Corporations are aware that they need to innovate or they will die, but their decision making is typically distributed and lengthy, lending to the vicious cycle of bureaucracy. For most corporations we spoke to, they were quite knowledgeable about the traction and attractiveness of upcoming startups with competitive offerings. They had an urgent sense that they needed to remain competitive by creating new products and services or they would die. They were very aware of the startups in their orbit and why those startups were winning market share. However, many corporations can’t make decisions fast enough despite of themselves. There are so many decision makers involved that everyone can’t agree on a single path forward…thus little ends up getting done at the end of the day. We see this from the outside and from conversations we have had on the road with corporations we work with. At the end of the day, many hard decisions around growth and innovation are just hard to make. Thus, without fast decision making, corporations continue to lose market share and lose ground to newer, more nimble startups.
“At the end of the day, many hard decisions around growth and innovation are just hard to make. Thus, without fast decision making, corporations continue to lose market share and lose ground to newer, more nimble startups.”

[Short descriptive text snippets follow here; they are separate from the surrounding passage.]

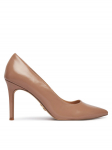 Steve Madden K&otilde;rgete kontsadega Secured SM11004877 Beež 40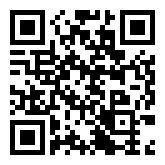 http://www.hoaujd.com/you/19508.html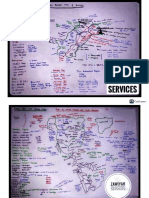Handwritten Map Notes (1).pdf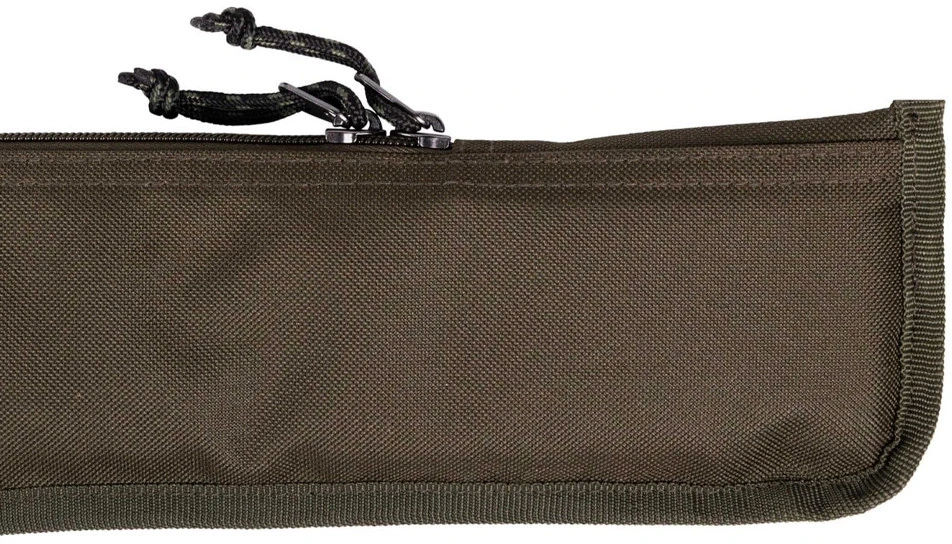 Dėklas Shimano Tribal Padded Rod Sleeve 10ft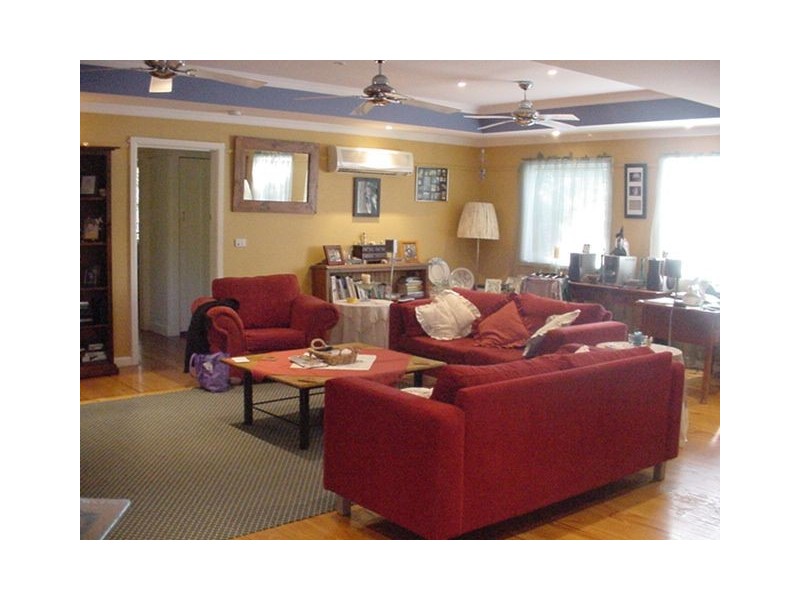 154 Ontario Avenue, Mildura VIC 3500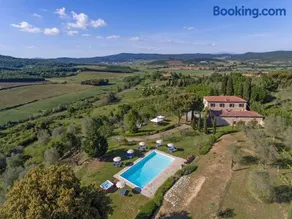 Podere Sant'Alessandro - Image 4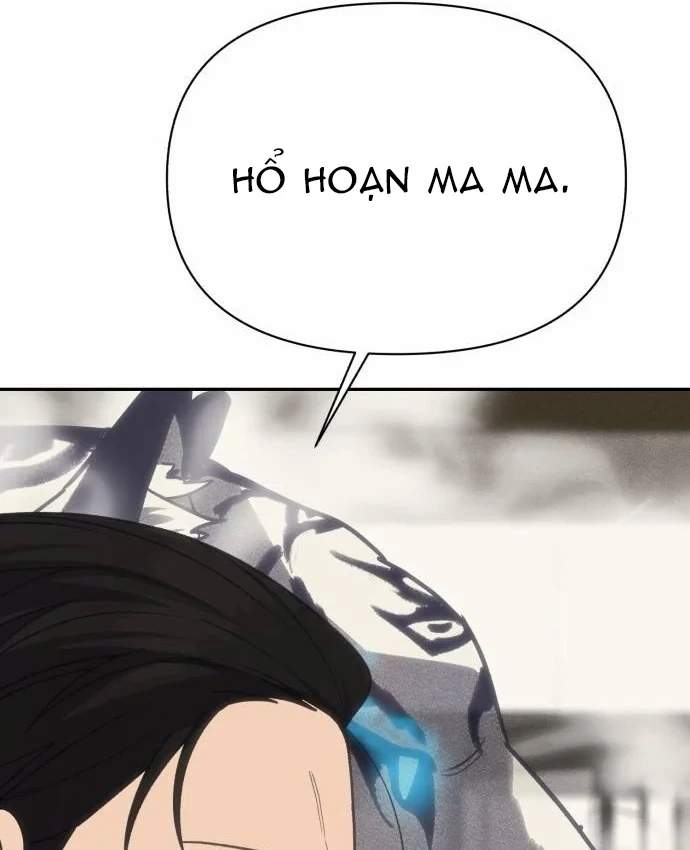 Pháp Sư Đạo Tiền Chapter 41 - 175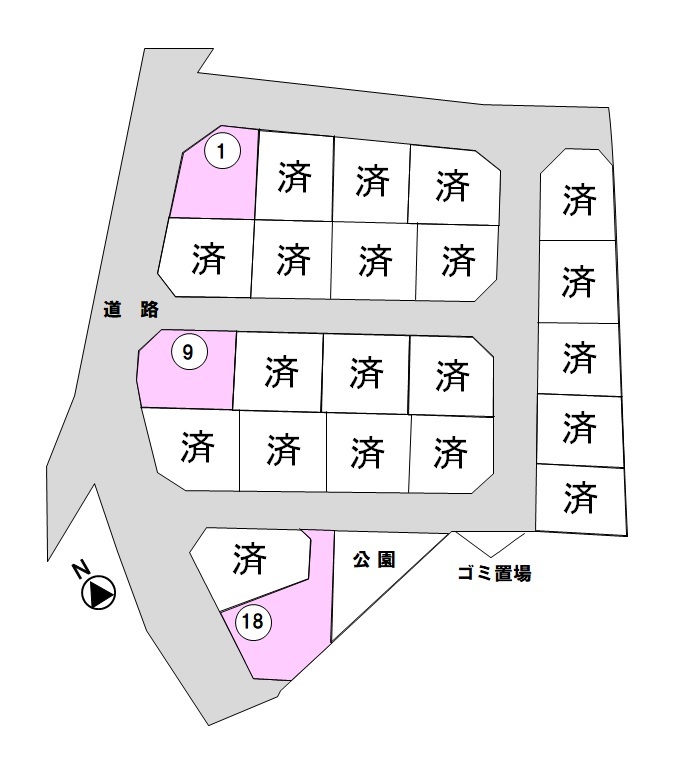 中野-区画図-200127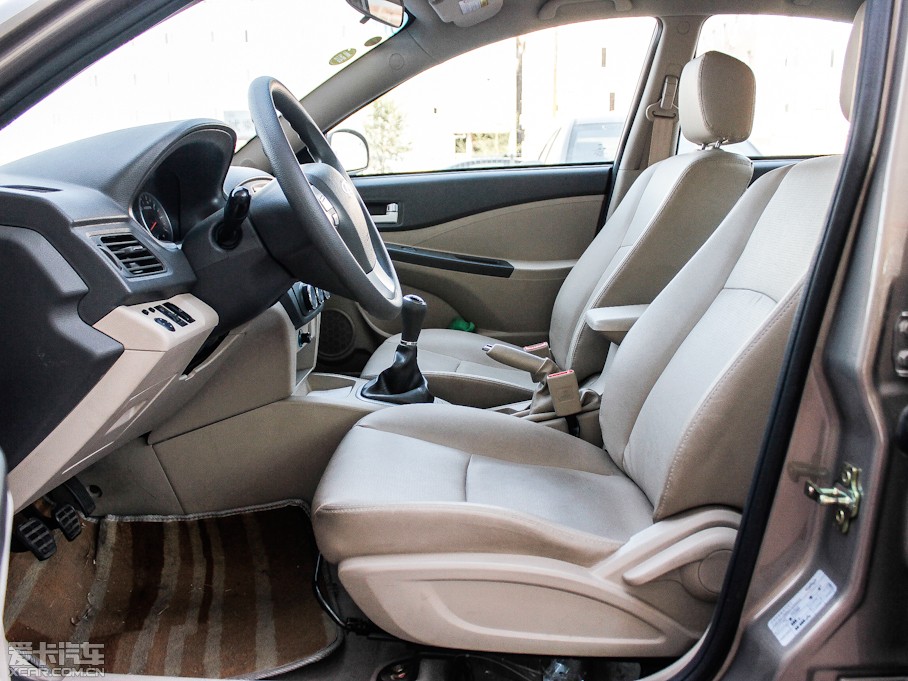 2012E5 1.5L քӔ֊W\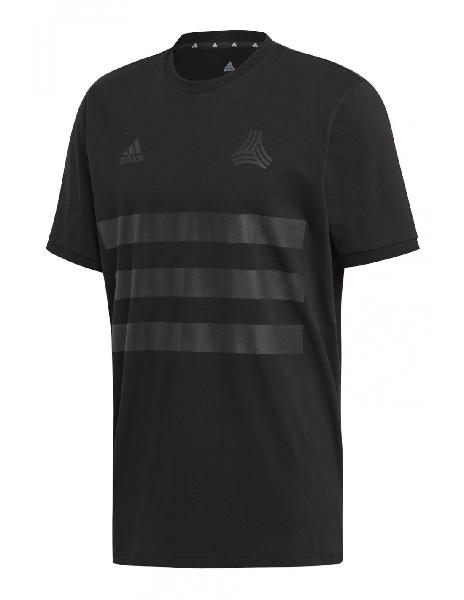 Remera adidas Heavy Tee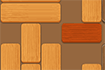 Jeu Unblock It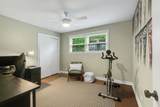 5754 Christiana Avenue - Photo 21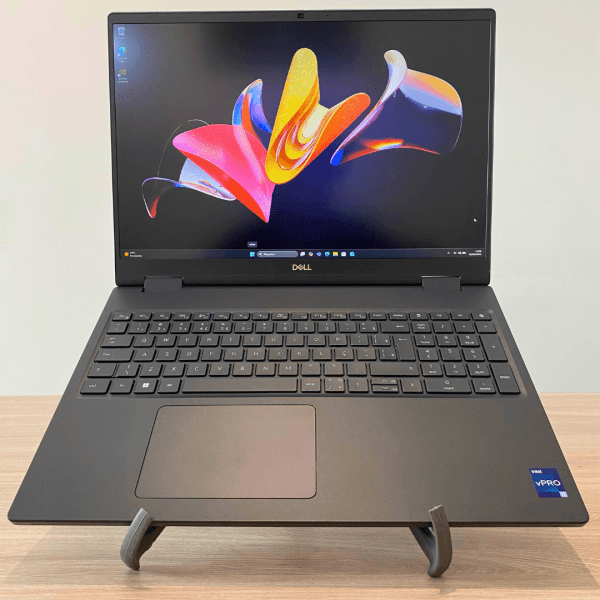 Notebook Dell Precision 16 7680 i7-13850HX 64GB RAM 512GBSSD 9 (Caixa Aberta) - Imagem 9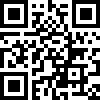 https://ur.abna24.com/x5Hry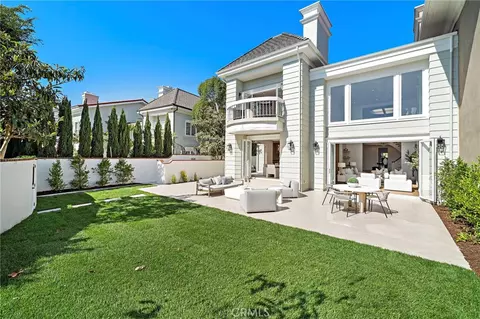 50 Belcourt, Newport Beach, CA 92660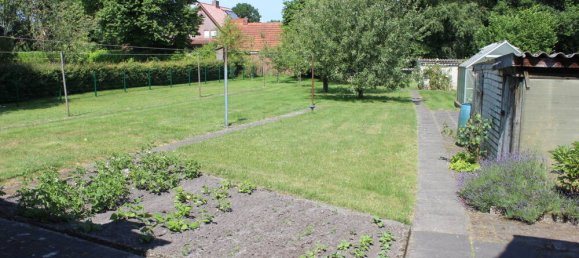 5 bedrooms House in Emsland, Germany No. 182783 6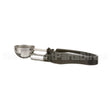 47398 Compatible Vollrath Disher(#30, Black, 1.13 Oz)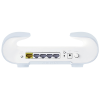D-LINK AX6000 Wi-Fi 6 Smart Mesh Router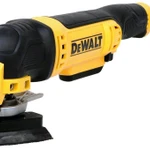 фото Реноватор мультитул DeWalt DWE 315 КТ 300Вт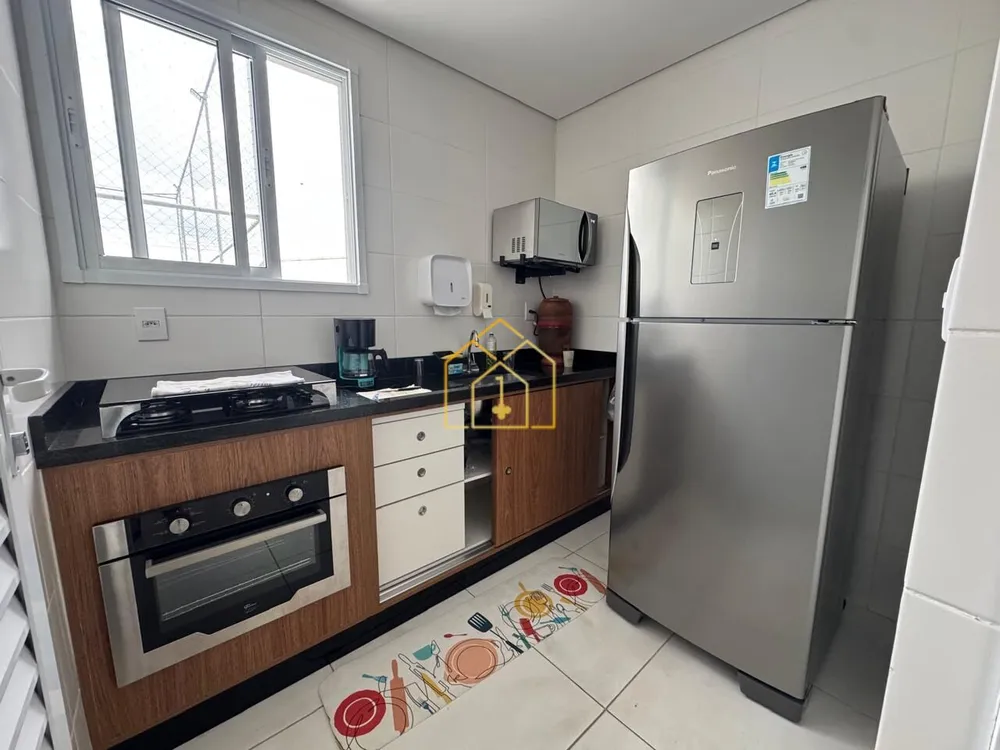 Apartamento, 2 quartos, 54 m² - Foto 11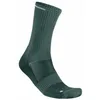 Image de Sportful Unisex Supergiara Chaussettes, shrub green, 36|37|38|39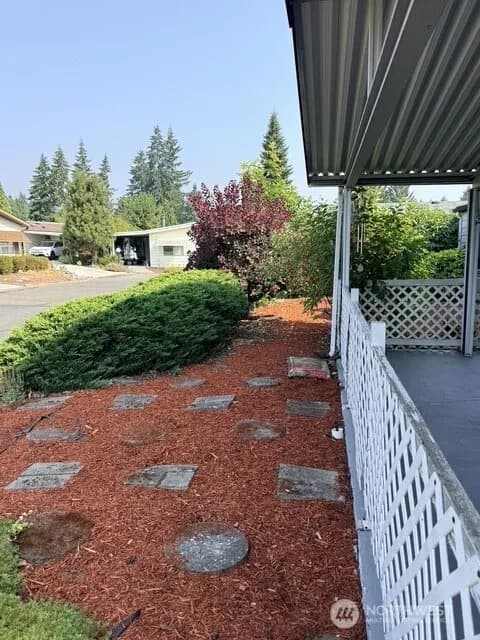 Property photo for 201 Union Avenue Se #193, Renton photo 25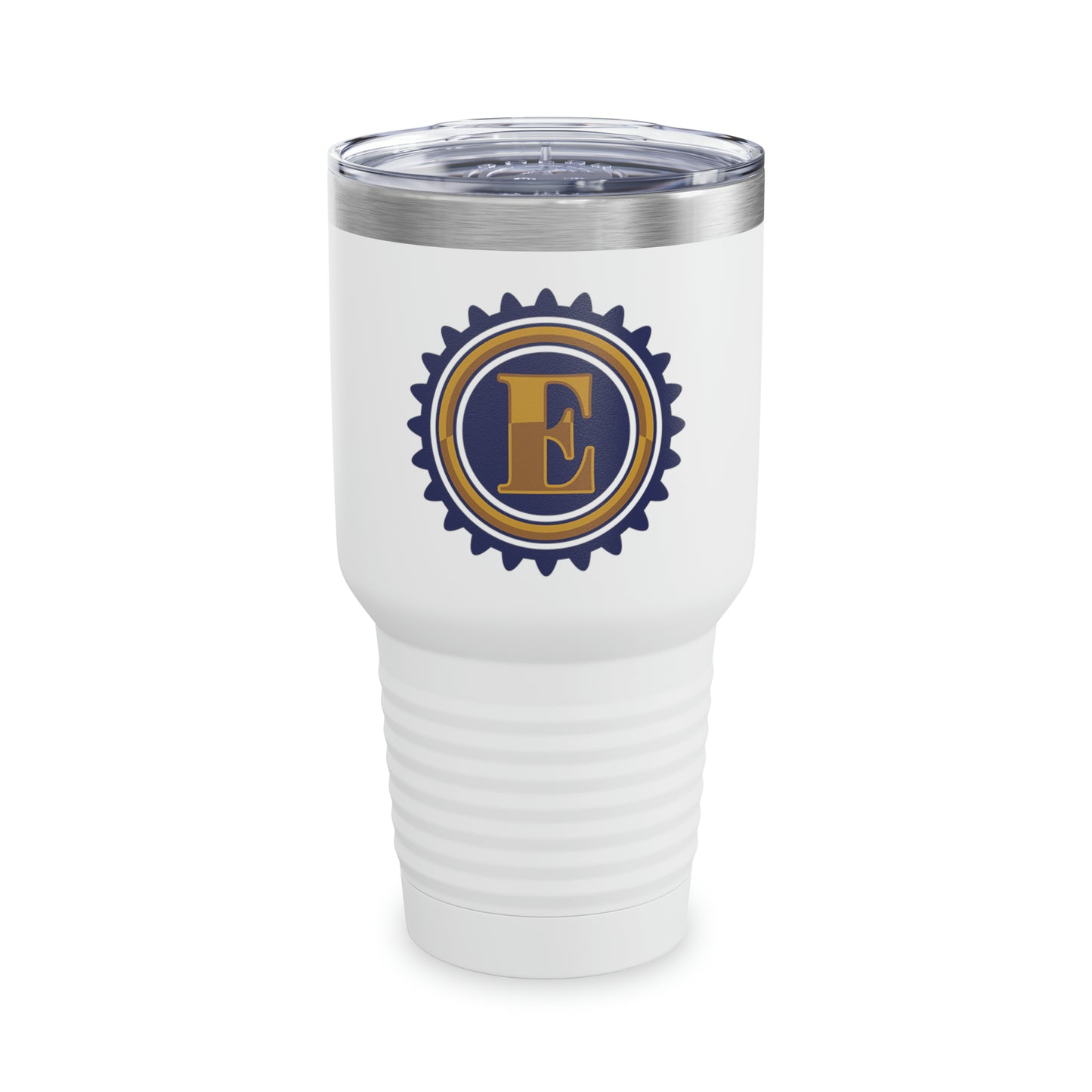 Copy of Ringneck Tumbler, 30oz
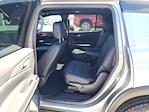 2025 Chevrolet Traverse AWD SUV for sale #58893 - photo 24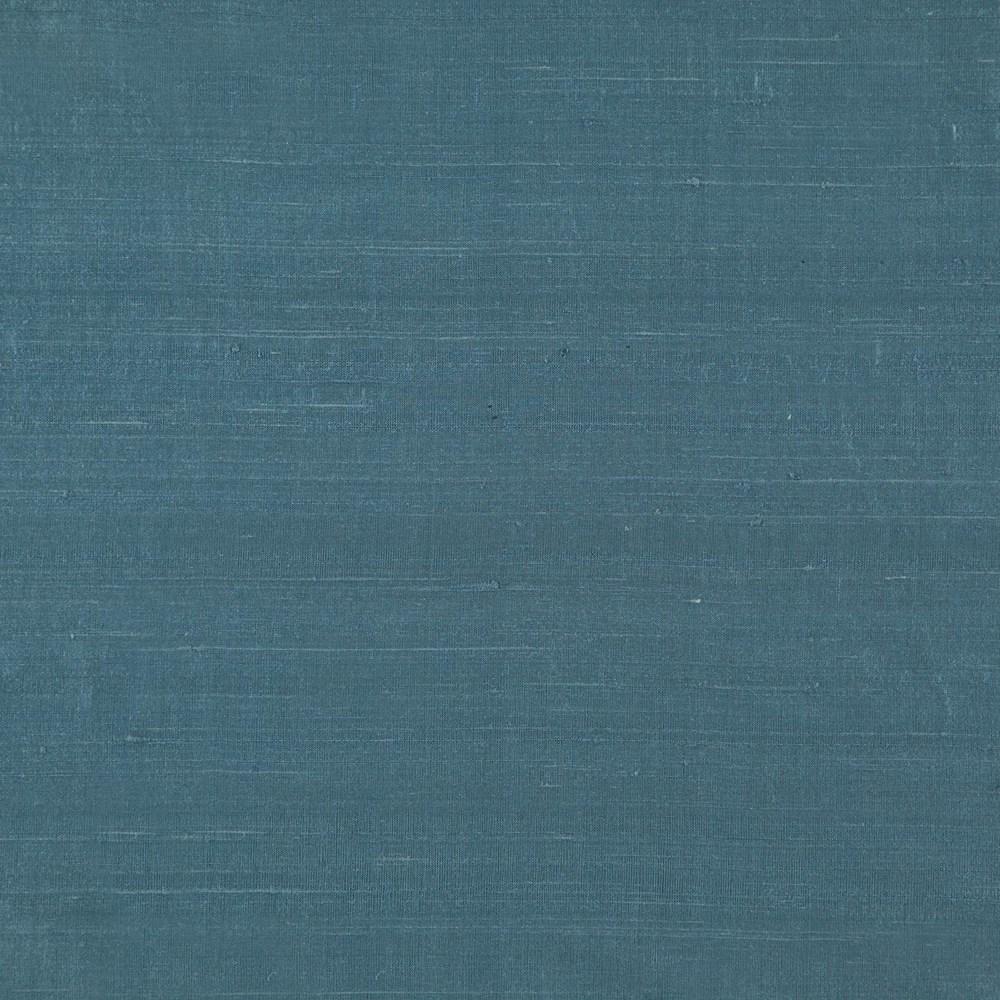 Provincial - Indulgence (Colours) By Zepel || In Stitches Soft Furnishings
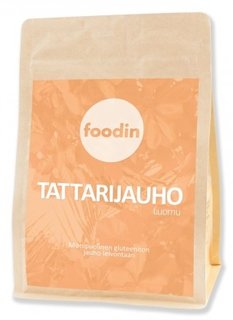 Tattarijauho500foodin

The “ecosystem approach” or portfolio model to innovation has the most sustainable impact. For those who seemed to be the most sophisticated around their growth strategies, they typically had several tentacles stretched into innovation plays. This could take the form of an investment in Plug N’ Play or working with Techstars or another corporate accelerator, it could be a CVC or an office in Palo Alto, it could be a venture lab, or individual fund partnerships to gain exposure to ovation. In great cases, it was all of the above, and we were happy to be a part of such a strong innovation family. Having exposure to multiple innovation partners and resources is important. The technologies they surface are different, their processes are different, the talent is different, and the resources they bring to the table are different. For many corporations, these trials are an important part of finding new solutions that work.
Finding the “yes’s”
Multiple independent minds need to have decision-making authority around innovation risk. This is similar to the ecosystem approach, but as relates to people. Having many perspectives able to pull the trigger on pilots, newco development, and innovation is critical to generating the right use cases within larger organizations. Centralized decision making around innovation creates single point sourcing, curation, and execution of new technologies and pilots. With a single perspective trying to innovate for an entire organization, the network effects to find new talent and new use cases can’t take hold and there tends to be more “no’s” than “yes’s” along the way, stifling potentially significant projects.